The nurse handed him to me for a brief moment, his eyes crinkled as tight as his mouth was open, bawling away. As the pain of the episiotomy still lingered, I put up my hands to support him on my breast for a brief moment, before he was lifted away. The nurse pressed his foot to an inking pad and then to a form. That now sits in a shoebox, along with the newborn bracelet, the "I'm a Magee Boy" knit cap, the pair of tiny blue booties that we used to cover his hands to prevent him scratching himself, and a yellowing white body suit.
21 1/2 inches long , the fading print on the paper says. They must have uncrinkled his curled legs to take the measurement, ignoring his protests and wiggles.
It was about the size of my index finger, 3 inches long.
------------

He pulled on his shoes, getting ready to haul his book bag to the bus, when I noticed the sock and the big toe practically poking out of a shoe tip. "Is that a hole in your shoe?"
"Yes. I need to get new shoes."
We took him to the shoe store at the brand-new outlet mall near our home.
"His old measurement was a Mens 9, so let me see if he needs the 9 1/2 or the 10 now. Where's the measuring thingummy?"
His father did a double take on the measurement. "11 1/2"
"Are you sure you're measuring it right? Ask the salesman."
"Yes, it's right. He does need a 11 1/2, maybe even a 12".
S turned beet-red. "No, I prefer the 11 1/2." He's flustered enough by the 2 1/2 change in sizes over the past one year.

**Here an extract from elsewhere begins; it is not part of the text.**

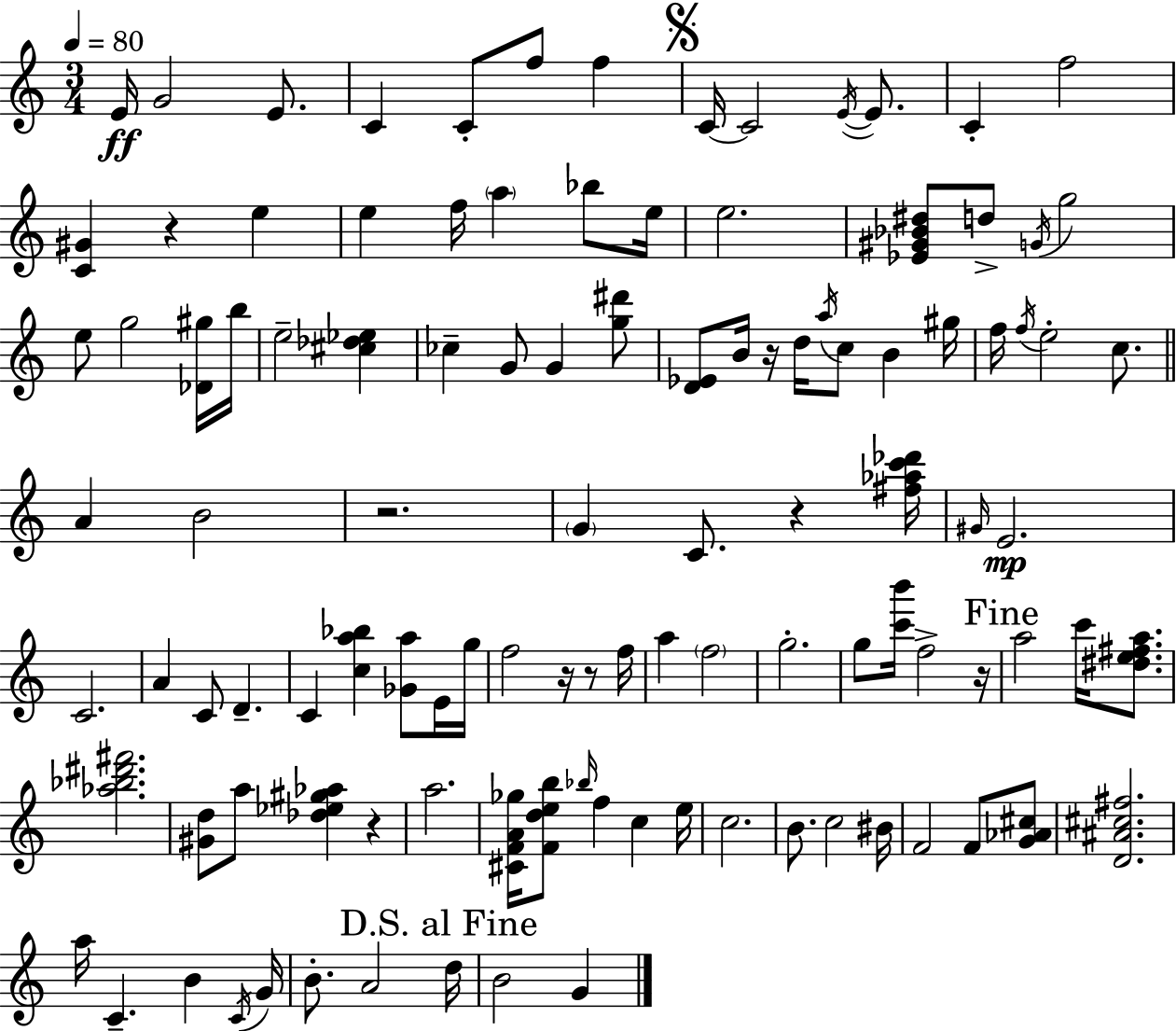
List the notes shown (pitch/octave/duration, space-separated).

E4/s G4/h E4/e. C4/q C4/e F5/e F5/q C4/s C4/h E4/s E4/e. C4/q F5/h [C4,G#4]/q R/q E5/q E5/q F5/s A5/q Bb5/e E5/s E5/h. [Eb4,G#4,Bb4,D#5]/e D5/e G4/s G5/h E5/e G5/h [Db4,G#5]/s B5/s E5/h [C#5,Db5,Eb5]/q CES5/q G4/e G4/q [G5,D#6]/e [D4,Eb4]/e B4/s R/s D5/s A5/s C5/e B4/q G#5/s F5/s F5/s E5/h C5/e. A4/q B4/h R/h. G4/q C4/e. R/q [F#5,Ab5,C6,Db6]/s G#4/s E4/h. C4/h. A4/q C4/e D4/q. C4/q [C5,A5,Bb5]/q [Gb4,A5]/e E4/s G5/s F5/h R/s R/e F5/s A5/q F5/h G5/h. G5/e [C6,B6]/s F5/h R/s A5/h C6/s [D#5,E5,F#5,A5]/e. [Ab5,Bb5,D#6,F#6]/h. [G#4,D5]/e A5/e [Db5,Eb5,G#5,Ab5]/q R/q A5/h. [C#4,F4,A4,Gb5]/s [F4,D5,E5,B5]/e Bb5/s F5/q C5/q E5/s C5/h. B4/e. C5/h BIS4/s F4/h F4/e [G4,Ab4,C#5]/e [D4,A#4,C#5,F#5]/h. A5/s C4/q. B4/q C4/s G4/s B4/e. A4/h D5/s B4/h G4/q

I measured his shoes : 13 1/2 inches. He's come a long way since the time of the footprint.

The doctor assures me that S is almost done growing, but I'm not so sure. His pants seem to have already shrunk by a couple of inches in the few weeks since I last cleaned out the ones which no longer fit.

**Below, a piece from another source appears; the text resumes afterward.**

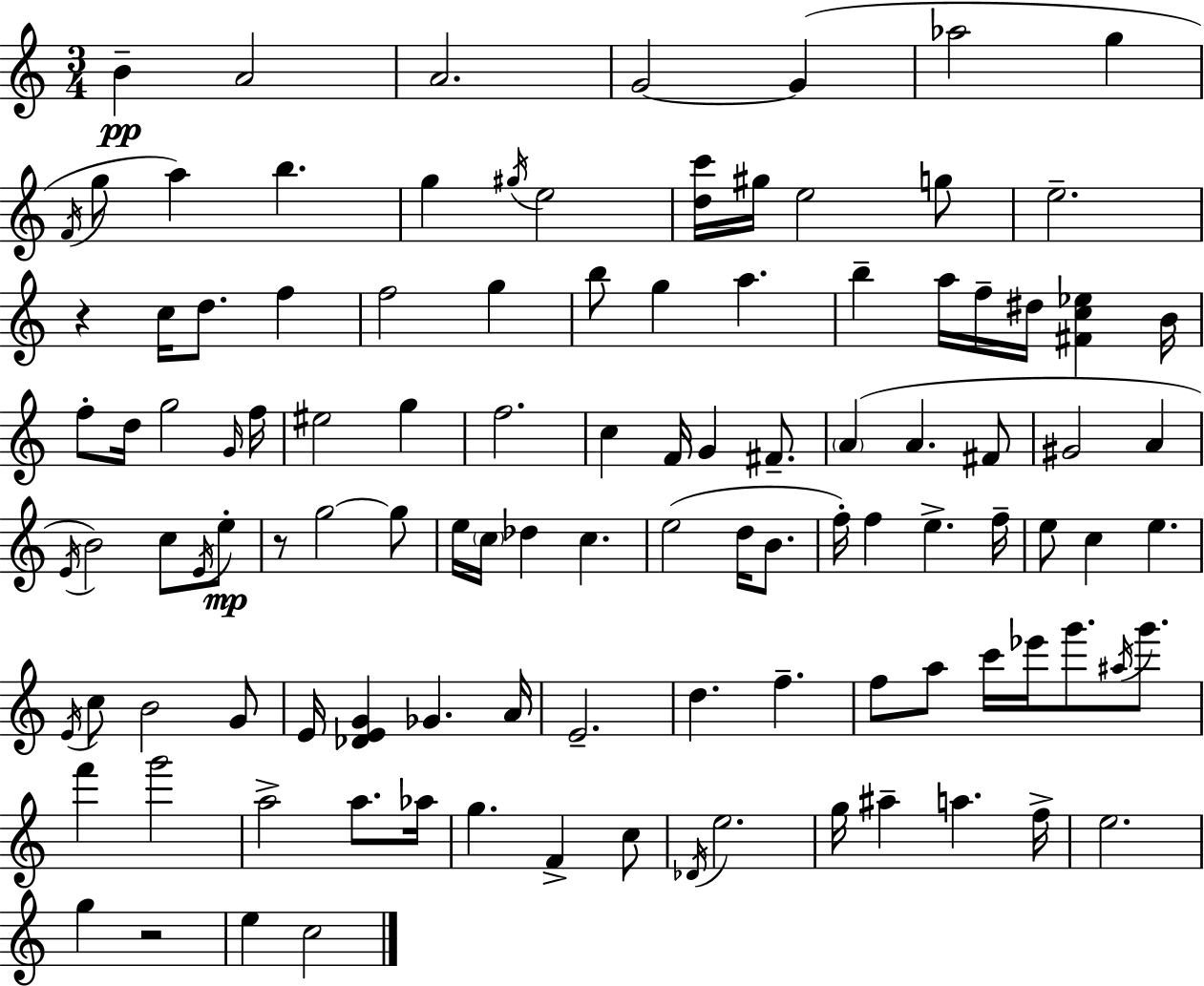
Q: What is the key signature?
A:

We take him to the store to get him a new suit to wear to concerts with his orchestra. I point out the Boys 20 section and we have him try on a black jacket for size. The arms stop about 4 inches above his wrists. We move into the Mens section and try the smaller sizes : No go. Still too short. A suited gentleman walks up to us "Can I help you?"
"What size of suit should we be looking at for him?", my husband asks.
"Try a size 38R." They go into the Fitting room sanctuary to check out a couple of different suits, while M and I wander into the Misses section, aimless, restless. M plays peekaboo among the clothing racks, heedless of my scolding. The store closes in 15 minutes, will we make a selection by then, or is this going to be like the interminable rounds of sari purchases for a wedding, hopping from store to store to store?
Finally, a selection is made, just in time for us to race to the cashiers and have it billed. I promise to take in the extra length on the pant, since the tailors would be able to get it done only the next afternoon, too late for the concert's start.
I stick a pin here and a pin there, as I adjust the fall of the pants to a height just brushing the veins on S's feet. I hand hem the excess. Should I trim it? No, who knows how much more growing he still has left in him in the next few months? I might need to let down the hem again then.

Kids grow like sunflowers, tiny at first, then taller and taller till they tower over you. It's a strange feeling: the first time it strikes you that they are no longer your tiny babies, and still are your babies, no matter how tall and big they get.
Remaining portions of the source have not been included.